Lalu, ide-ide itu saya rapikan lagi bahasanya. Tidak hanya itu. Ide-ide yang masih tidak teratur itu saya urut agar logis dan sistematis. Saya ambil hanya ide-ide yang paling relevan dengan topik yang saya jadikan acuan. Yang tidak relevan, saya buang.
Nah, dari gagasan-gagasan yang sudah tertulis secara sistematis itulah saya memulai menulis dari awal hingga akhir, menyusun alinea demi alinea, sampai terwujud sebuah karangan yang utuh. Begitulah cara saya menulis, tentu juga cara para penulis lainnya.
Outline di Kepala
Akan tetapi, bagaimana dengan menulis outline di kepala? Bagi kebanyakan penulis pemula, menulis kerangka karangan di dalam kepala, tidak dianjurkan. Mengapa? Sebab, hal ini akan terasa sulit.
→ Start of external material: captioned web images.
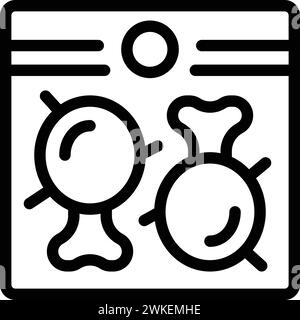 Vettore contorno icona sacca a tenuta di cibo. Pacchetto ermetico. Confezione ermeticamente trasparente Illustrazione Vettoriale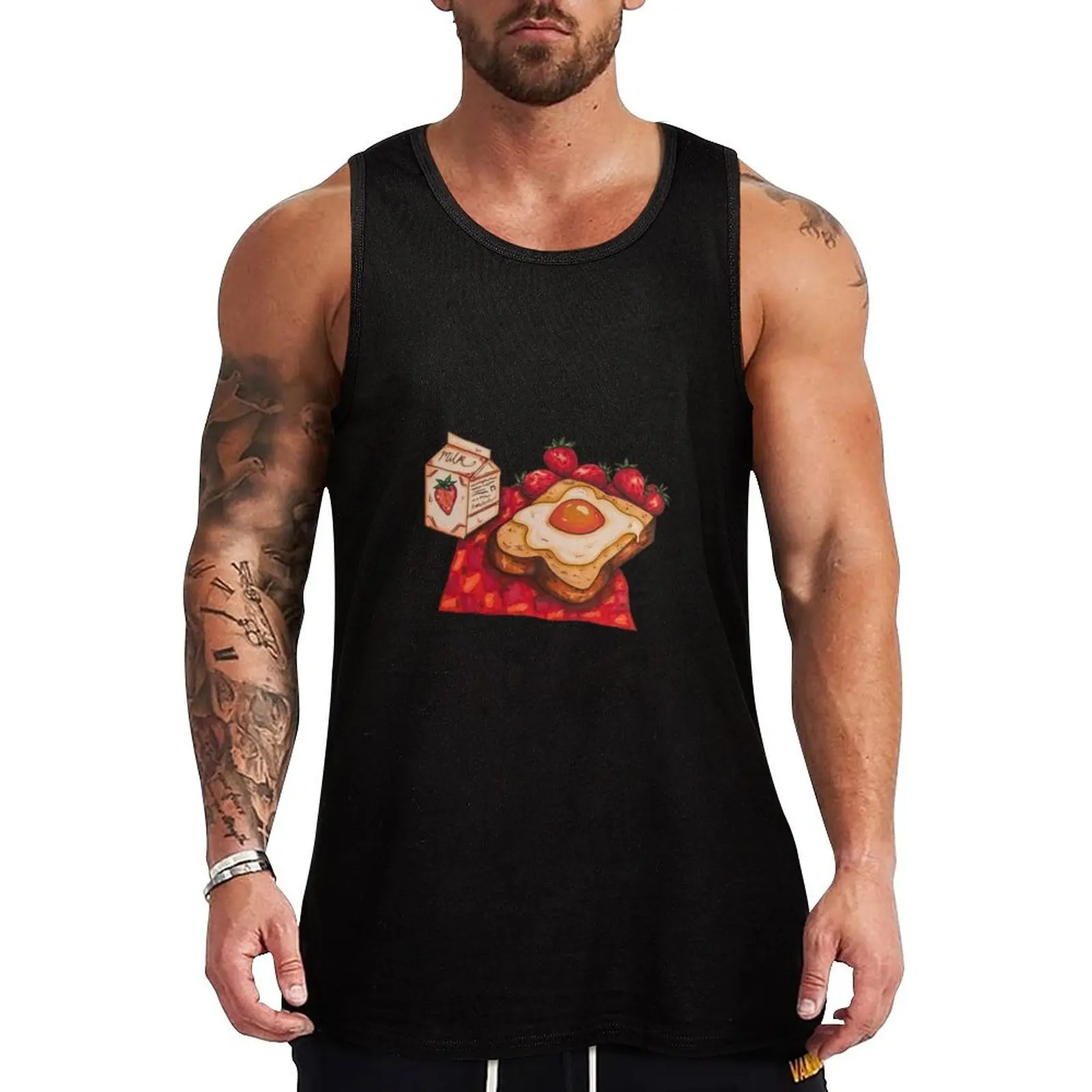 

Egg Toast, Milk, and Strawberries Tank Top Men's sports t-shirt T-shirt Men's gym t-shirts man cool things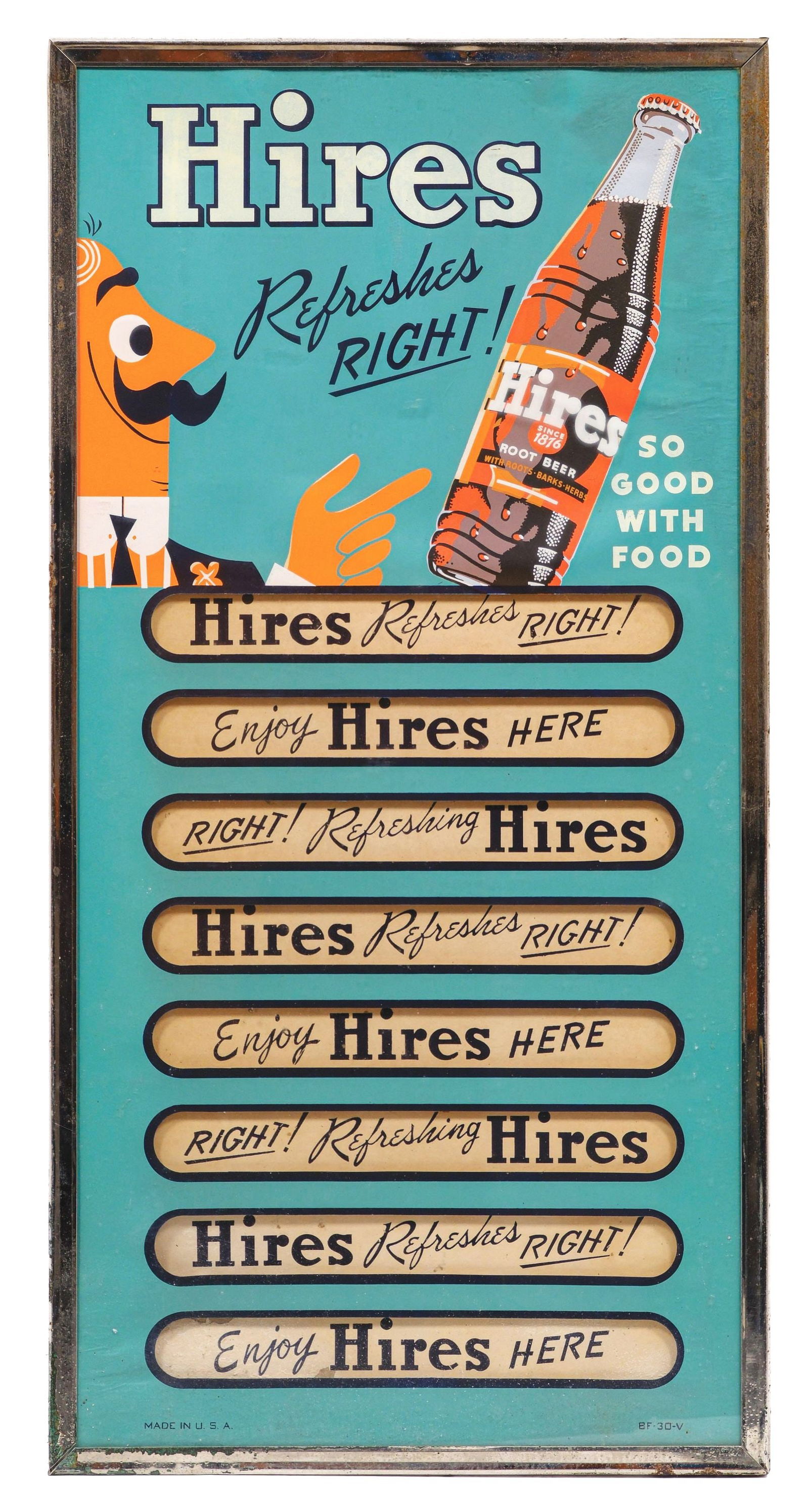 HIRES ROOT BEER MENU BOARD: An nice example of this glass menu board with cardboard inserts. CONDITION: The cardboard inserts remain vibrant and eye-catching with good color throughout. The menu board insert slots show staining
Jika tidak macet di tengah penulisan, kemungkinan besar tulisan yang tercipta ngalor-ngidul alias tidak terarah.
Akan berbeda halnya dengan penulis yang sudah berpengalaman, penulis yang sudah banyak menghasilkan karya dan sudah malang-melintang di dunia penulisan. Untuk membuat sebuah artikel dua-tiga halaman, mereka tidak harus membuat outline.
Cukup memikirkan topik yang akan ditulisnya, membayangkan alurnya, lalu ia langsung menulis. Kata-kalimatnya langsung mengucur keluar dari kepala dan tertuang ke atas kertas atau tertuang ke atas komputer.
Tetapi, bagaimana bisa? Bisa sekali! Penulis-penulis yang sudah mahir sering melakukan hal ini. Mereka tidak lagi membuat kerangka karangan, melainkan langsung tancap gas: menulis! Nah, setelah beberapa lama, tulisannya pun jadi.
Duh, kalau begitu enak dong jadi penulis mahir? Tidak perlu repot-repot membuat outline, bisa langsung menulis. Ya, benar, mereka tampak bisa bekerja dengan semudah itu.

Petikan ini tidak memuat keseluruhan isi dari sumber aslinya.